真面目な女子が、俺にだけ“バグった返事”をする理由

nco

第1話 完璧な優等生の、完璧じゃない返事

 昼休み。


 黒板の前でノートをまとめている女子がいた。


 白井雪(しらい・ゆき)。


 真面目、清楚、学年トップ。


 誰が見ても“模範的な優等生”。


 なのに──俺にだけは、返事がおかしい。


「白井さん、それ昨日のプリント……」


「はい。光学的に正しいですね」


「……は?」


「ごめん、間違えた。


 ええと……正しく、ない……です。
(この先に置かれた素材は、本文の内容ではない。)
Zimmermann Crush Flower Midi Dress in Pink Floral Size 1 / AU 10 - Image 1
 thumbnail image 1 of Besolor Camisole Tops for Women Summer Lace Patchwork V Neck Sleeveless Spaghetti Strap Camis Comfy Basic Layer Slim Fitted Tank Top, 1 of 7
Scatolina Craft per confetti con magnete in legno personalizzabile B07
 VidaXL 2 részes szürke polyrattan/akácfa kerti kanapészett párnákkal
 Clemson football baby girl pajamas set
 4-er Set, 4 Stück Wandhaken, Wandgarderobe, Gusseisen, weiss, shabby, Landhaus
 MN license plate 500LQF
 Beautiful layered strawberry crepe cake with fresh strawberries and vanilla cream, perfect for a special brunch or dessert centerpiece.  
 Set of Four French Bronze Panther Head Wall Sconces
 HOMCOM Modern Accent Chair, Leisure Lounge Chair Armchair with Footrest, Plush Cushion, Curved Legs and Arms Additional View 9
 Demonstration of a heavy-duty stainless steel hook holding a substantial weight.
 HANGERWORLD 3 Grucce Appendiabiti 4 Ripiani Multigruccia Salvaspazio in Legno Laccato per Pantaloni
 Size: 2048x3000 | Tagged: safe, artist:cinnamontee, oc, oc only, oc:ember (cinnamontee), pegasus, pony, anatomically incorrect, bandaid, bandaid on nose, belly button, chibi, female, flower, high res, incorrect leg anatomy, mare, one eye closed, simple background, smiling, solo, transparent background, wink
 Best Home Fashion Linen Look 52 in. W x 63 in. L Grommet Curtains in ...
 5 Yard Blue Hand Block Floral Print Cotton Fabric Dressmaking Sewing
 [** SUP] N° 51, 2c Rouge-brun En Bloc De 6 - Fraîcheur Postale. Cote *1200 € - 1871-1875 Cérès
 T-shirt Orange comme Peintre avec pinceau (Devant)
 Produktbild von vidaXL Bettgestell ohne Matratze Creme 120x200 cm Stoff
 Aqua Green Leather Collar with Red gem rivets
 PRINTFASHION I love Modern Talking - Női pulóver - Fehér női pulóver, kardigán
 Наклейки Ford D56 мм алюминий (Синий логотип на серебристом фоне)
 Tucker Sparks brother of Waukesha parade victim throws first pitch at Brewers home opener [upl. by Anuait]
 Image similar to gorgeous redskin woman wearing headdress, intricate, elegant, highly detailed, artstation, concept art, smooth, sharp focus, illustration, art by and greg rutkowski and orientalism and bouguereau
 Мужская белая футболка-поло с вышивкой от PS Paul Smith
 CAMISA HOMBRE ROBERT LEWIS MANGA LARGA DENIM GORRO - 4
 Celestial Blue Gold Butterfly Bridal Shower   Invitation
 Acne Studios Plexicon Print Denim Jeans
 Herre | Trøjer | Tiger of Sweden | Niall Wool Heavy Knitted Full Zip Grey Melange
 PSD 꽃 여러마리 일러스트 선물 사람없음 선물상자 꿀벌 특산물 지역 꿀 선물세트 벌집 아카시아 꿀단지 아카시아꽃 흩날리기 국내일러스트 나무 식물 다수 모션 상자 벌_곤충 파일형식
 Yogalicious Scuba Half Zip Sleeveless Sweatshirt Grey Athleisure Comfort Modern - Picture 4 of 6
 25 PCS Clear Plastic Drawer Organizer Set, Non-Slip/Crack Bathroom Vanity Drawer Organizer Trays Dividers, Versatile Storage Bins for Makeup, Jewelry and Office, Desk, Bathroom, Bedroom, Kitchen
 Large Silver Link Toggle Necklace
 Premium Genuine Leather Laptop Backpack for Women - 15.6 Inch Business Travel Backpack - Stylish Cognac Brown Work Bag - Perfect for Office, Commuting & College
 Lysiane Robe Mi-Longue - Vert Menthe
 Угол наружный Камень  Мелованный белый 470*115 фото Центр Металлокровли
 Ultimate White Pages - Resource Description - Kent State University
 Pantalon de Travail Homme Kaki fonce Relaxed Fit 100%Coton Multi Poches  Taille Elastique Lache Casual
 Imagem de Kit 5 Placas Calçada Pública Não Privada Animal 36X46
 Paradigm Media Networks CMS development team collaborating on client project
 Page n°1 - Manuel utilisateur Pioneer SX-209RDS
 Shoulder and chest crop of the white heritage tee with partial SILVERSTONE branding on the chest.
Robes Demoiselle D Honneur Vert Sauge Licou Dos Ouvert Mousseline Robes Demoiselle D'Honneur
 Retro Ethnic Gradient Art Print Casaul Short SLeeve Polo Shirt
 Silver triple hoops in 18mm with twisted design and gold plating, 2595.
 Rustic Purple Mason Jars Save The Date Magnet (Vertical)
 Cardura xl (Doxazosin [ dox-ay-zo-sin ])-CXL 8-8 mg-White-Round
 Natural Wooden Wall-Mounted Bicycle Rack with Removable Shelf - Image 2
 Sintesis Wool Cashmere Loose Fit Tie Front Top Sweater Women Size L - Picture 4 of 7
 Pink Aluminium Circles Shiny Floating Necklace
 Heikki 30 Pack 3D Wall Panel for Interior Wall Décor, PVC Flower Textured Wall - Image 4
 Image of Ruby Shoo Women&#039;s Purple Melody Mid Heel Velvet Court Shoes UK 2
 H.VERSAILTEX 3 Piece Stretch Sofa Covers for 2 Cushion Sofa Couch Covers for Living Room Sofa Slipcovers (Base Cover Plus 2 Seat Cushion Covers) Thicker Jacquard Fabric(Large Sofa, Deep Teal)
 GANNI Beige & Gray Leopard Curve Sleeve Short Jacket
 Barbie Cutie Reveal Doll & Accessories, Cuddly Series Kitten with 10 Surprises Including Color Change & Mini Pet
はい」


 言い直しても謎だ。


 しかも、途中でワンクッション置く癖がある。


「光学的に正しいって何だよ」


「……ふふ。わかりません」


「お前が言ったんだろ!」


 なのに笑う。


 その笑顔も妙に“テンプレっぽい”。


 他の誰かに話している時の彼女は完璧だ。


 質問に即答。


 文脈もズレない。


 声のトーンも一定。


 クラス全員の“正解”になるような返事しかしない。


 なのに、なぜか俺にだけ、毎回こうなる。


(……なんなんだ、この人)


 その日の放課後、


 図書館で再び彼女と遭遇した。


「あ、白井さん、この問題──」


「はい。倫理的には正しいと思います」


「数学の問題で倫理出すな」


「ごめん……落ち着く……。ちゃんと……考えるから」


 “落ち着く”という宣言の時点で落ち着いてない。


 目だけ俺を追って動く。その視線が、どこか過剰だ。


 俺以外に見せる“完璧な彼女”と、


 俺にだけ露出する“壊れかけた返事”の差が大きすぎる。


「白井さんってさ」


「はい(0.8秒遅れて)」


「俺にだけ……なんか変じゃない?」


「正しくない、ですよね……ふふ。困ります」


 小さく笑いながら、


 “正しい返事の仕方”を探すように沈黙する。


 どう見ても、


 俺に対してだけ“バグってる”。


 ただの天然とか、人見知りとか、そういうレベルじゃない。


(これは……なんだ?)


 その疑問が、だんだん不安に変わっていく。


 白井雪は完璧なのに。


 完璧だからこそ──俺にだけ見せてくる破綻が、異様だった。